For years, women’s health advocates have argued that far more research is needed on women’s bodies and health. The world’s first-ever “vagina on a chip,” recently developed at Harvard’s Wyss Institute for Biologically Inspired Engineering in Boston, could go a long way to making that happen.
“Women’s health has not received the attention it deserves,” says Don Ingber, MD, PhD, who led the team that created the vagina chip. The advance quickly drew media attention after it was reported in the journal Microbiome. But researchers hope for more than headlines. They see the chip as a way to facilitate vaginal health research and open the door to vital new treatments.
By now, you may have heard of “organs on chips”: tiny devices about the size of a flash drive that are designed to mimic the biological activity of human organs. These glass chips contain living human cells within grooves that allow the passage of fluid, to either maintain or disrupt the cells’ function. So far, Dr. Ingber and his team at the Wyss Institute have developed more than 15 organ chip models, including chips that mimic the lung, intestine, kidney, and bone marrow.

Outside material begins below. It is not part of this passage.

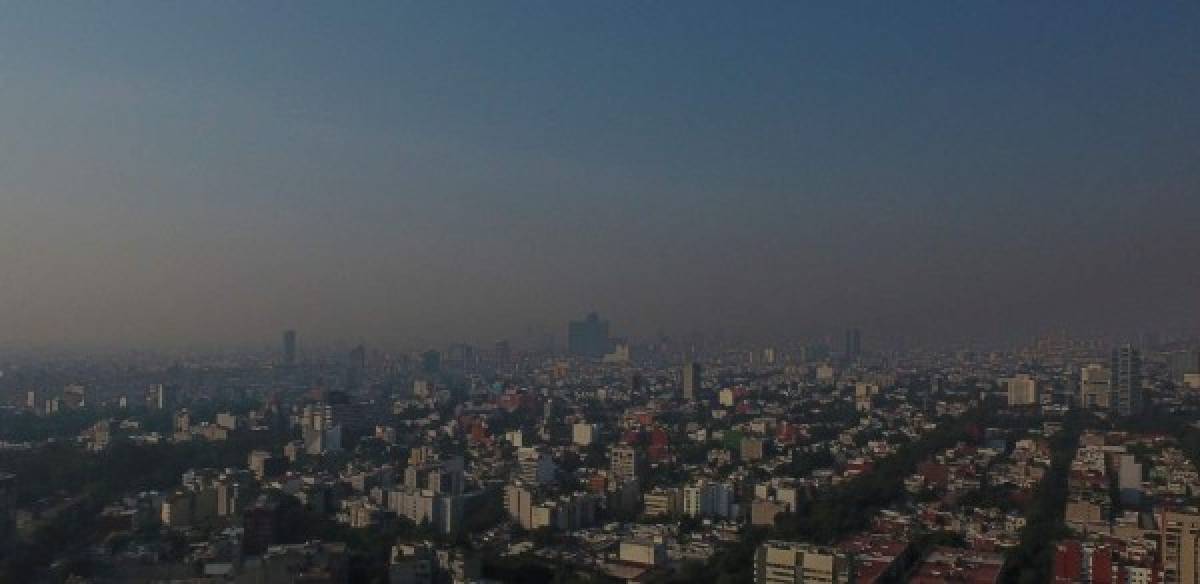 Usuarios de redes sociales han compartido imágenes que muestran a la capital envuelta por bruma y humo.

The idea to develop a vagina chip grew out of research, funded by the Gates Foundation, on a childhood disease called environmental enteric dysfunction, an intestinal disease most commonly found in low-resource nations that is the second leading cause of death in children under 5. That’s when Dr. Ingber discovered just how much the child’s microbiome influences this disease.
Stemming from that work, the Gates Foundation turned its attention to newborn health – in particular, the impact of bacterial vaginosis, an imbalance in the vagina’s bacterial makeup. Bacterial vaginosis occurs in one out of four women worldwide and has been linked to premature birth as well as HIV, HPV persistence, and cervical cancer.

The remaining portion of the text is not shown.